In general, in quantum mechanics we can prove probability current or the Schrodinger equation and other quantities are gauge invariant. However, the Hamiltonian isn't gauge invariant. Under a gauge transformation, the Hamiltonian operator changes(or have i understood wrong?) Does this mean that the Hamiltonian doesn't describes a true physical quantity like in classical mechanics?Closing, if the above are correct, do they have any affect on the principle of least action?
Thank you.
Note: The Hamiltonian is: $$H_f = {1 \over 2m} [P- qA(R,t)]^2 +qU(R,t) $$After a gauge transformation: $$H_g = {1 \over 2m} [P- qA'(R,t)]^2 +qU'(R,t) $$. Thus, we have $$H_f \neq H_g $$
Best Answer
Even in classical mechanics, Hamiltonian for one particle in external field EM is function
$$ H(\mathbf r,\mathbf p) = \frac{(\mathbf p - \frac{q}{c}\mathbf A(\mathbf r, t))^2}{2m} + q\phi(\mathbf r,t) $$
where $\mathbf A,\phi$ are any of the valid functions that describe the same external EM field.

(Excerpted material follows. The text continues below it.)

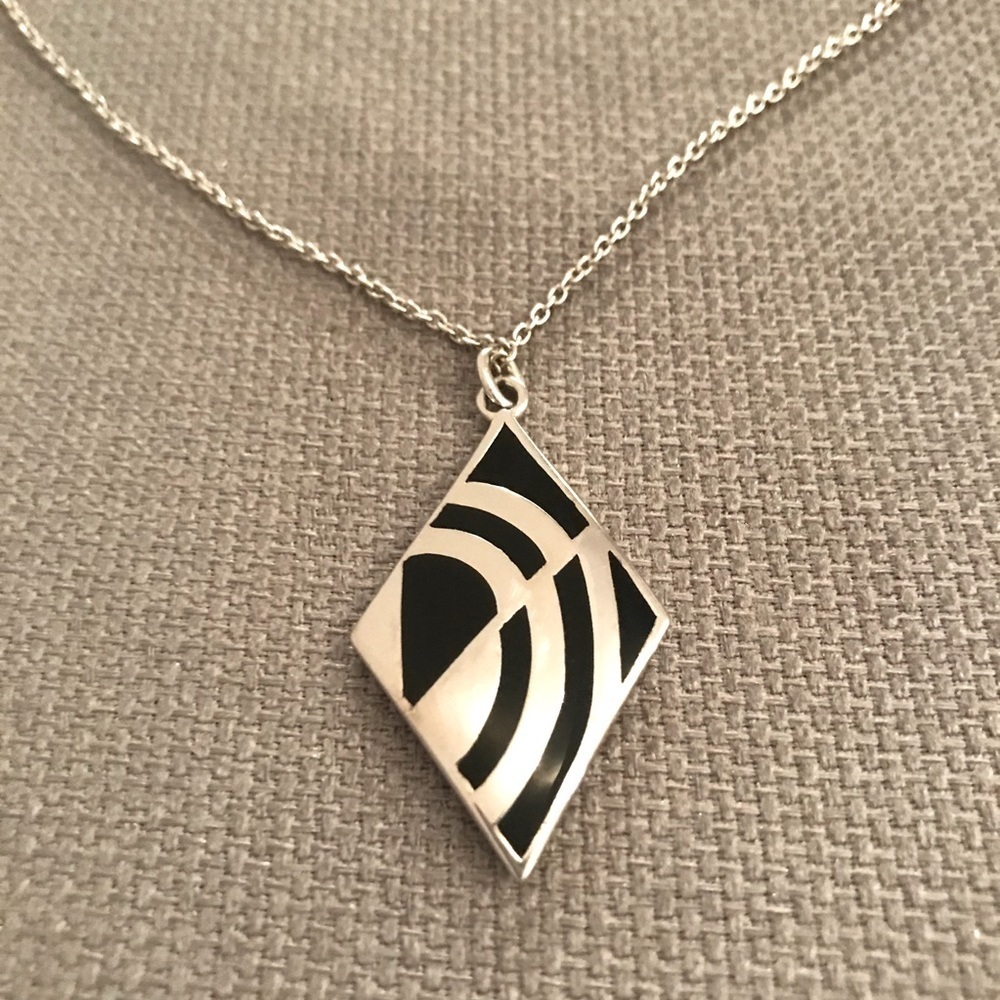 Metropolitan Museum of Art sterling necklace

The form of the Hamiltonian (dependence on the potentials and $\mathbf r,\mathbf p) is unique, but its value is not; it depends on the choice of the above two functions ("choice of gauge").

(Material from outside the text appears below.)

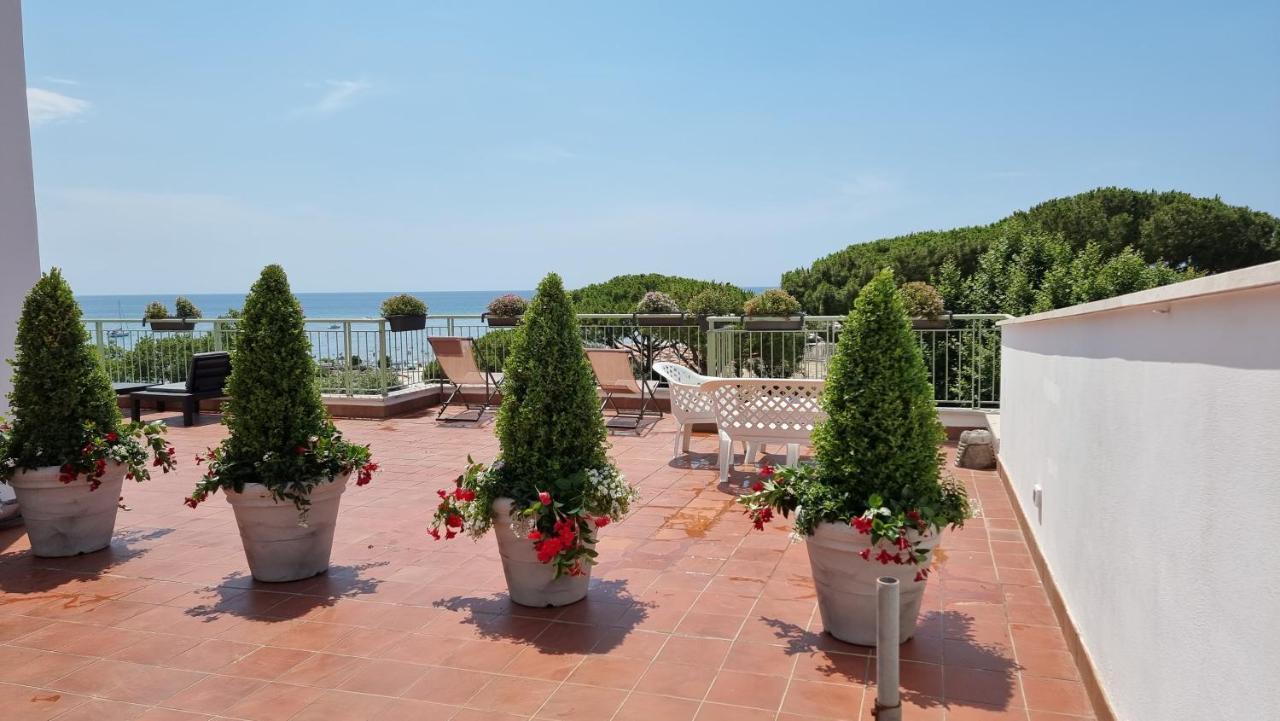 Reale Apartments Terracina Exterior photo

This non-uniqueness is no big deal, as Hamiltonian function is mostly a theoretical concept that is useful to formulate the laws and derive other laws; it non-uniqueness is not necessary for that use.

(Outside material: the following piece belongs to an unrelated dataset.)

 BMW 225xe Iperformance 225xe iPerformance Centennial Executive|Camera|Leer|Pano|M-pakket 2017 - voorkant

In classical physics, the laws and their consequences can be formulated also in a gauge-independent way with EM fields $\mathbf E,\mathbf B$ only. The potentials and the Hamiltonian can be avoided.
The situation with gauge-dependence is similar to the one with kinetic energy having value that depends on the inertial system it is evaluated for. The value is frame-dependent, but it poses no problem for its use.